Resiliency is the ability to recover from disruptive change and withstand ongoing pressures. The ability to recover from change is directly proportional to the size and extent of the disturbance and the degree to which an ecosystem can tolerate disturbance. Ecosystems have developed around “natural disturbance regimes” where change is a constant and critical component of a dynamic ecosystem function (water levels rise and fall, temperatures change with seasonality). As a result of continuous change, the dynamics of systems select for resiliency. In other words, an ecosystem’s resiliency is its ability to tolerate disturbance without collapsing into a different state that is controlled by a different set of processes.

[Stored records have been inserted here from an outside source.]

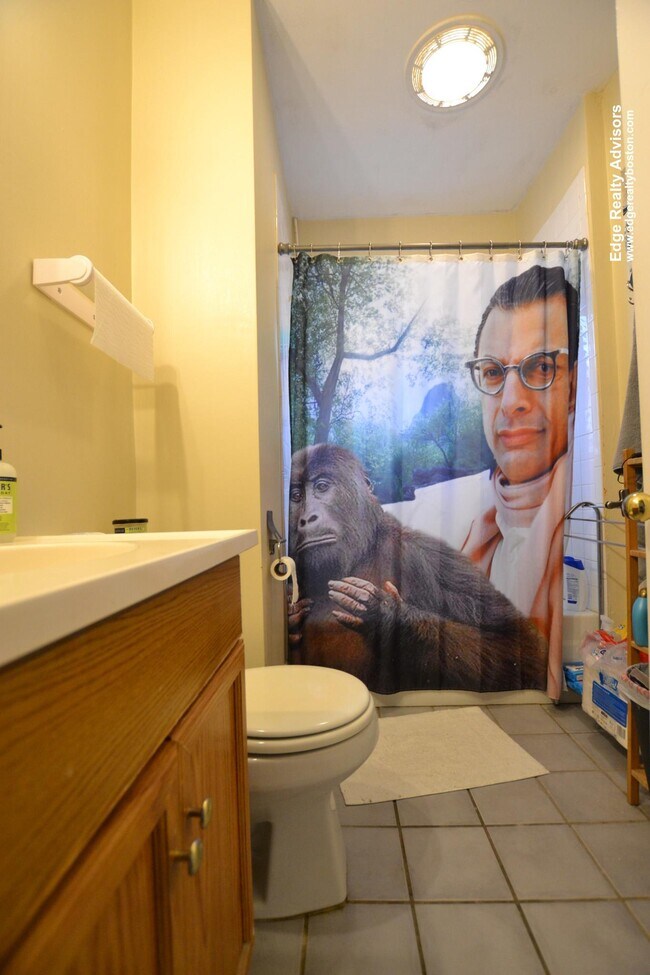 Foto del edificio - 31 Justin Rd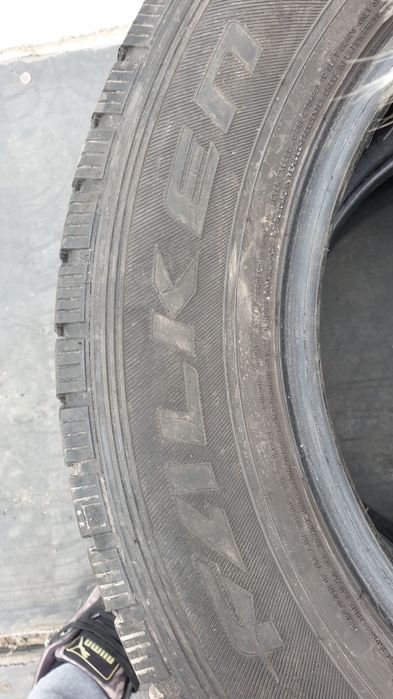 Гуми 215 65 16 С фалкен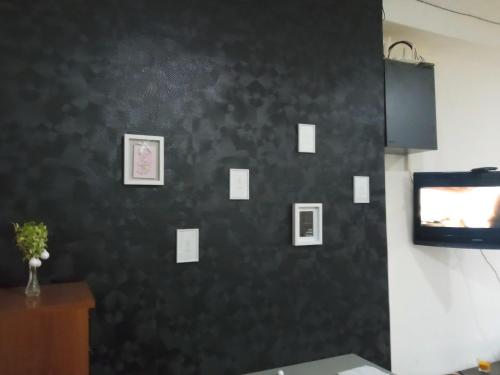 Una televisión o centro de entretenimiento en Calipso1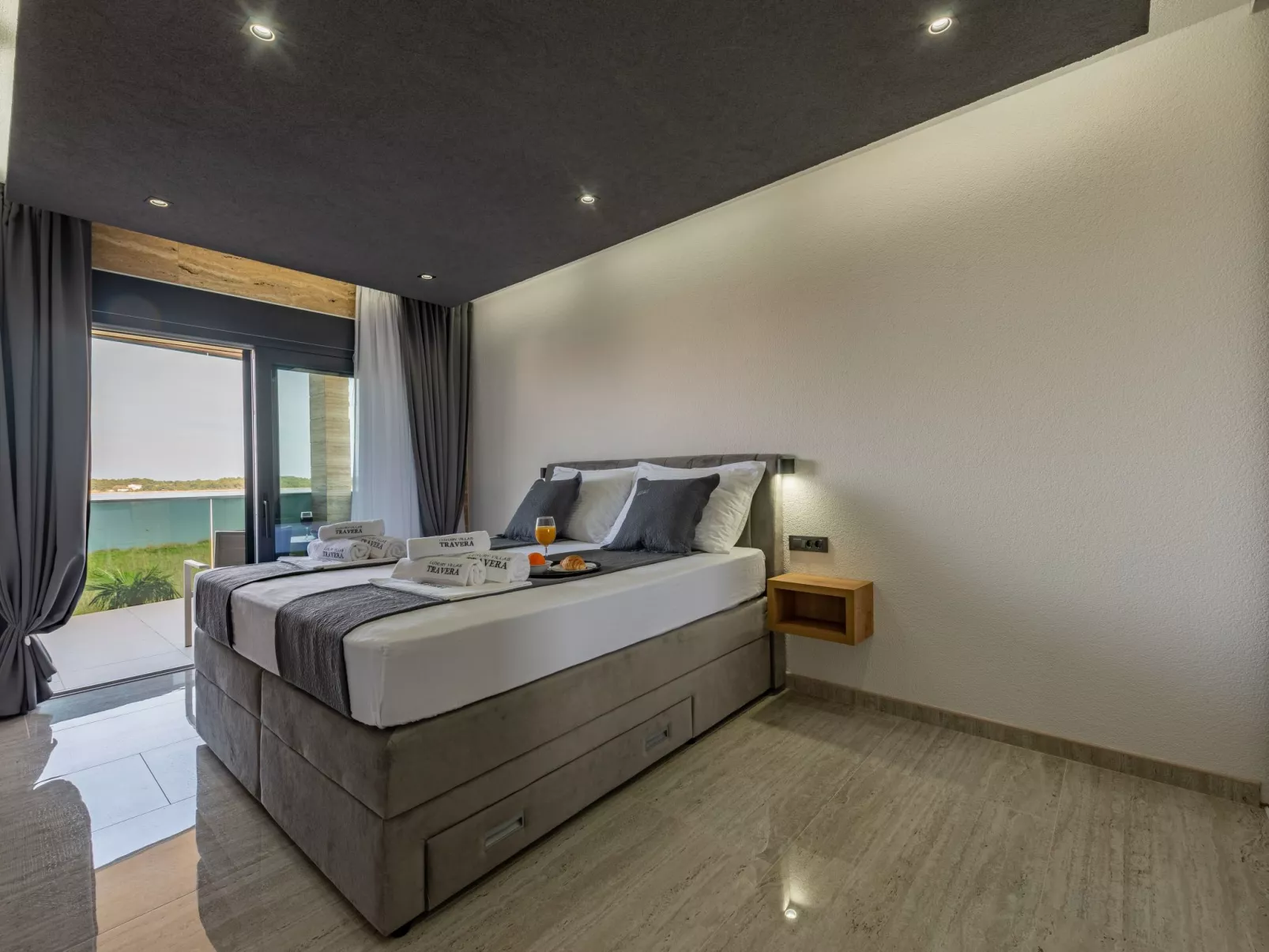 Villa Travera 2 - Binnen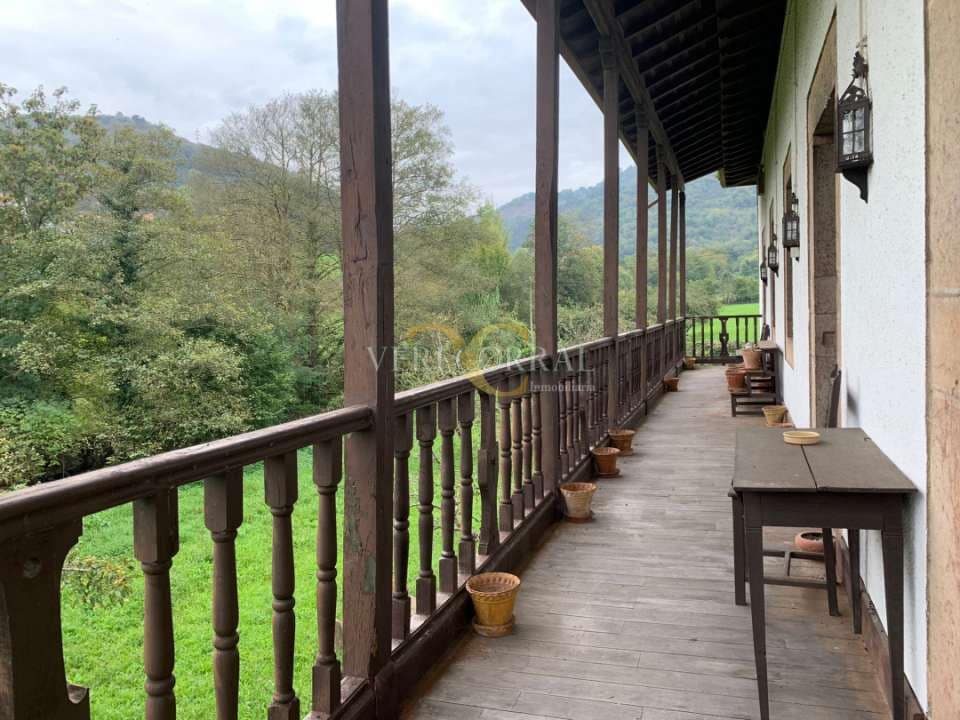 8 bedroom Townhouse for sale in Grado - € 1,700,000 (Ref: 9443478)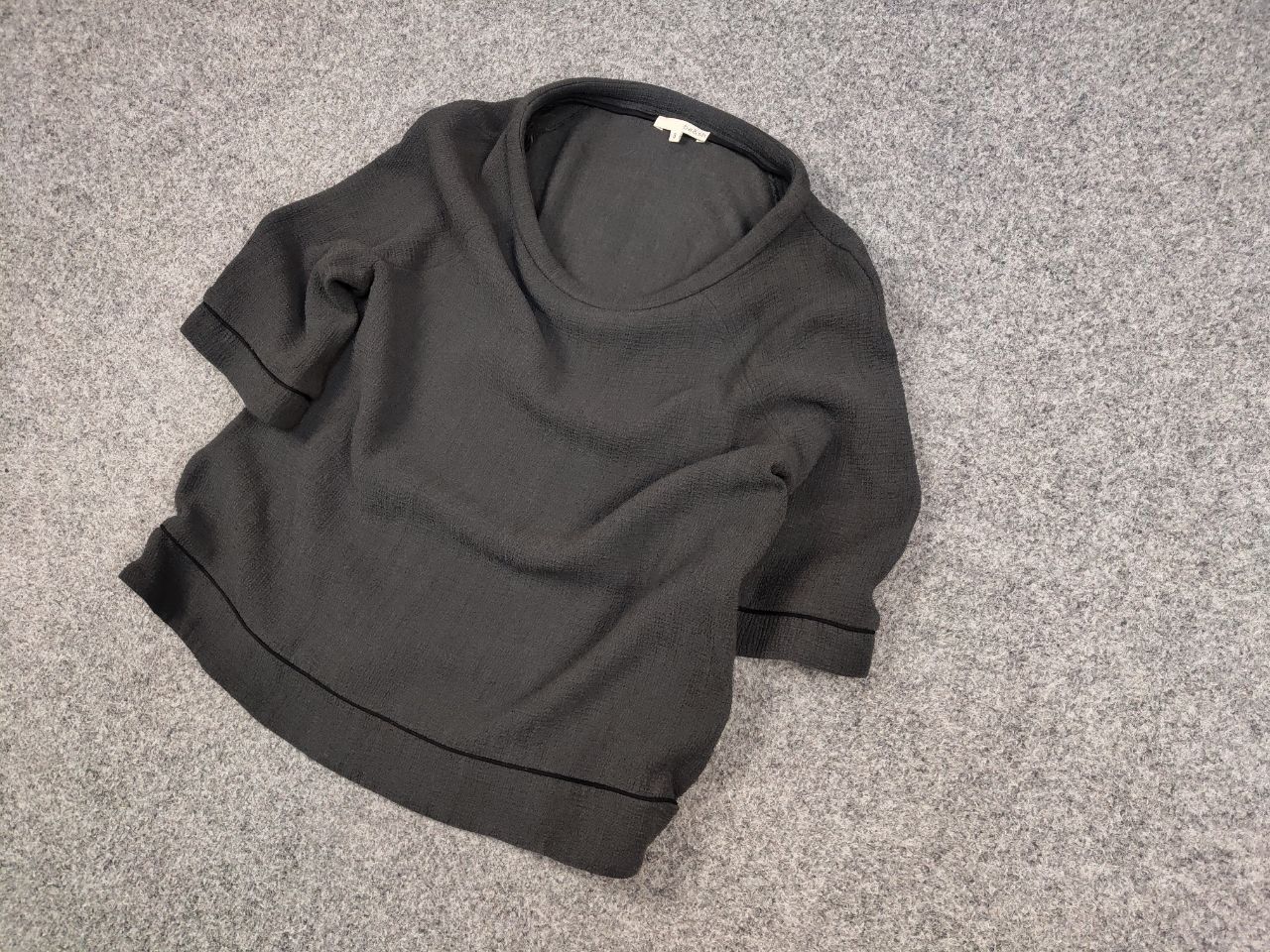ba&sh Ba&sh Wool Viscose Blend short sleeve Top Sweatshirt Size M / US 6-8 / IT 42-44 - 3 Thumbnail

TSF is interested in addressing the disturbance regimes critical to ecosystem resiliency in the Sierra Nevada including the flow regime, sediment regime, fire regime and climate regime. The natural variability of these disturbance regimes is fundamental to restoring ecosystem resiliency but this variability has been fundamentally altered by the impacts of the California Gold Rush.
Water Flow Regime
In the 1800s, California’s streams and rivers were engineered to deliver water to the mines and today are operated to deliver water and power during periods of peak demands. As a result, the flow release schedule developed by reservoir operators dominates the current flow regime and may lack critical pulse flows for species and environmental flows. The system’s ability to meet the increased demands for water and power, as well as environmental flows, may depend on the functioning of the “green infrastructure” of the headwaters and the restoration and protection of key areas, such as meadows, that hold water higher, longer and release it slowly over extended periods of time.
Sediment Regime
The hydraulic mine sites were denuded of soil, resulting in a landscape littered with scars which delivered unprecedented amounts of sediment to the streams and rivers. For example, more than three times as much material excavated during the construction of the Panama Canal was washed down the Yuba and Bear River watershed from 1860-1884, leaving deeply incised channels cut to bedrock and terraces disconnected from the floodplain. These scars continue to erode and release sediment contaminated with mercury, choking streams with turbid conditions and filling reservoirs. The system’s ability to handle increased sediment loads from denuded mine-scarred landscapes and from overgrazed meadows is dependent on both remediation efforts that abate erosion and on sediment removal efforts coupled with reservoir maintenance that are sophisticated enough to address mercury contamination.
Fire Regime
In the fire prone landscape of the Sierra Nevada, fire is a natural part of the ecosystem function and resiliency of the region. Fire plays a role in seed germination and forest stand diversity. The region-wide removal of timber for the mining operations resulted in today’s single-age stands, which are choked with underbrush and full of invasive species. Fire suppression has had devastating effects on this disturbed landscape, in many ways precluding it from recovering from the impacts of the Gold Rush. The result is an ongoing threat of severe mega fires, the likes of which the region has not seen before, including in areas that are now populated. The system’s ability to handle fire, and to recover from severe fire, is directly proportional to continued coordination of efforts on topographically specific forest thinning, invasive species removal, and fire treatments.
Climate Regime
The greatest pressure the Sierra Nevada ecosystems face today is climate change. Longer droughts and warmer temperatures mean that precipitation will be dominated, not by snow, but by rain fall, resulting in a ”flashy” system
characterized by increased power for erosion and less water late in the season due to decreased snow pack. Under these conditions, erosional forces will dwarf the absorption capacity of the headwaters resulting in mine-scarred
landscapes, such as hydraulic mines contaminated with mercury, delivering more sediment and further choking streams, rivers, and reservoirs. Sedimentation will also put increased pressure historic debris control dam infrastructure, originally designed to hold back hydraulic mine debris and tailings, that now litters the landscape with antiquated, overburdened dams.